Content starts

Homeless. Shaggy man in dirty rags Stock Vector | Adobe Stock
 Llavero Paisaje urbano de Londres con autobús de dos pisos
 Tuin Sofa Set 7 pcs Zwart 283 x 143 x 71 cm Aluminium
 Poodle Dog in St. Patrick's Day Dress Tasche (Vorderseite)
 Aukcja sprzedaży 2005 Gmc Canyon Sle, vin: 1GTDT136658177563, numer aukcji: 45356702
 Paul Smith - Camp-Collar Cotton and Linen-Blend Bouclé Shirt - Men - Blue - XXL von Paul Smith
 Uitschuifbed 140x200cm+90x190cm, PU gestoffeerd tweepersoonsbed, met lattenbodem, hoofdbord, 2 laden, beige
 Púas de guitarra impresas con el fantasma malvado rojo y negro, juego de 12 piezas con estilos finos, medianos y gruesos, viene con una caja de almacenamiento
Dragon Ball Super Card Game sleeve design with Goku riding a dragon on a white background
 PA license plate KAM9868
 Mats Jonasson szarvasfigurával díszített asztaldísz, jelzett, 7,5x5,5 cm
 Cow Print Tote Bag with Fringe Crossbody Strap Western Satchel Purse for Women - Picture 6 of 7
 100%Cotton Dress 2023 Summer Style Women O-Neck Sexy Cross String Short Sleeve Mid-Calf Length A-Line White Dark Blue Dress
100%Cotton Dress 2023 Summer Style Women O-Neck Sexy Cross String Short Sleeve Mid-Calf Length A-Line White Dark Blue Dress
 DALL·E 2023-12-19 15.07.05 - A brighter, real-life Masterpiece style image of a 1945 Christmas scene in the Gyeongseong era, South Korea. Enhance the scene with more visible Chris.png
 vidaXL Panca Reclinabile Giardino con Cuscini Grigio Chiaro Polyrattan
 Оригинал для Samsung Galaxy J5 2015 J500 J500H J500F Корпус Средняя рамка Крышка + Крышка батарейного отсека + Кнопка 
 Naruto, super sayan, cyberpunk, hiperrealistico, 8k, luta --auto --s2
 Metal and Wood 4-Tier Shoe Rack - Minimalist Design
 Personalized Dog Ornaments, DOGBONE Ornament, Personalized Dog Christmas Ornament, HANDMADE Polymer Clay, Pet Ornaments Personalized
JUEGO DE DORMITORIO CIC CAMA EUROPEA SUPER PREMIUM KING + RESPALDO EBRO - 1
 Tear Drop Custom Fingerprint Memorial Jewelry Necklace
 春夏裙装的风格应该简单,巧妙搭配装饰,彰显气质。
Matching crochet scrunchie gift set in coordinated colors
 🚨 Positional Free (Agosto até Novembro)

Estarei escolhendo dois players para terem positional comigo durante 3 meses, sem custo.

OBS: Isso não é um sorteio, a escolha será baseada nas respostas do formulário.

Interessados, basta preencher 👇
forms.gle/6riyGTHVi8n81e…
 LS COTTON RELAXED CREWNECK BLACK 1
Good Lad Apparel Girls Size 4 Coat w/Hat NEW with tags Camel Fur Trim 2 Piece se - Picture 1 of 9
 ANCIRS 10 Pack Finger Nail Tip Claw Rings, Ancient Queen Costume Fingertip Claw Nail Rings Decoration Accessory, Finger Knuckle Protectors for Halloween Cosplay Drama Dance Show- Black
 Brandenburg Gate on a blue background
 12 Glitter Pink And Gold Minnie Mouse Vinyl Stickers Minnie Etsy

Content ends

## What you need to do:
Return the whole listing exactly.

## Answer section:
Homeless. Shaggy man in dirty rags Stock Vector | Adobe Stock
 Llavero Paisaje urbano de Londres con autobús de dos pisos
 Tuin Sofa Set 7 pcs Zwart 283 x 143 x 71 cm Aluminium
 Poodle Dog in St. Patrick's Day Dress Tasche (Vorderseite)
 Aukcja sprzedaży 2005 Gmc Canyon Sle, vin: 1GTDT136658177563, numer aukcji: 45356702
 Paul Smith - Camp-Collar Cotton and Linen-Blend Bouclé Shirt - Men - Blue - XXL von Paul Smith
 Uitschuifbed 140x200cm+90x190cm, PU gestoffeerd tweepersoonsbed, met lattenbodem, hoofdbord, 2 laden, beige
 Púas de guitarra impresas con el fantasma malvado rojo y negro, juego de 12 piezas con estilos finos, medianos y gruesos, viene con una caja de almacenamiento
Dragon Ball Super Card Game sleeve design with Goku riding a dragon on a white background
 PA license plate KAM9868
 Mats Jonasson szarvasfigurával díszített asztaldísz, jelzett, 7,5x5,5 cm
 Cow Print Tote Bag with Fringe Crossbody Strap Western Satchel Purse for Women - Picture 6 of 7
 100%Cotton Dress 2023 Summer Style Women O-Neck Sexy Cross String Short Sleeve Mid-Calf Length A-Line White Dark Blue Dress
100%Cotton Dress 2023 Summer Style Women O-Neck Sexy Cross String Short Sleeve Mid-Calf Length A-Line White Dark Blue Dress
 DALL·E 2023-12-19 15.07.05 - A brighter, real-life Masterpiece style image of a 1945 Christmas scene in the Gyeongseong era, South Korea. Enhance the scene with more visible Chris.png
 vidaXL Panca Reclinabile Giardino con Cuscini Grigio Chiaro Polyrattan
 Оригинал для Samsung Galaxy J5 2015 J500 J500H J500F Корпус Средняя рамка Крышка + Крышка батарейного отсека + Кнопка 
 Naruto, super sayan, cyberpunk, hiperrealistico, 8k, luta --auto --s2
 Metal and Wood 4-Tier Shoe Rack - Minimalist Design
 Personalized Dog Ornaments, DOGBONE Ornament, Personalized Dog Christmas Ornament, HANDMADE Polymer Clay, Pet Ornaments Personalized
JUEGO DE DORMITORIO CIC CAMA EUROPEA SUPER PREMIUM KING + RESPALDO EBRO - 1
 Tear Drop Custom Fingerprint Memorial Jewelry Necklace
 春夏裙装的风格应该简单,巧妙搭配装饰,彰显气质。
Matching crochet scrunchie gift set in coordinated colors
 🚨 Positional Free (Agosto até Novembro)

Estarei escolhendo dois players para terem positional comigo durante 3 meses, sem custo.

OBS: Isso não é um sorteio, a escolha será baseada nas respostas do formulário.

Interessados, basta preencher 👇
forms.gle/6riyGTHVi8n81e…
 LS COTTON RELAXED CREWNECK BLACK 1
Good Lad Apparel Girls Size 4 Coat w/Hat NEW with tags Camel Fur Trim 2 Piece se - Picture 1 of 9
 ANCIRS 10 Pack Finger Nail Tip Claw Rings, Ancient Queen Costume Fingertip Claw Nail Rings Decoration Accessory, Finger Knuckle Protectors for Halloween Cosplay Drama Dance Show- Black
 Brandenburg Gate on a blue background
 12 Glitter Pink And Gold Minnie Mouse Vinyl Stickers Minnie Etsy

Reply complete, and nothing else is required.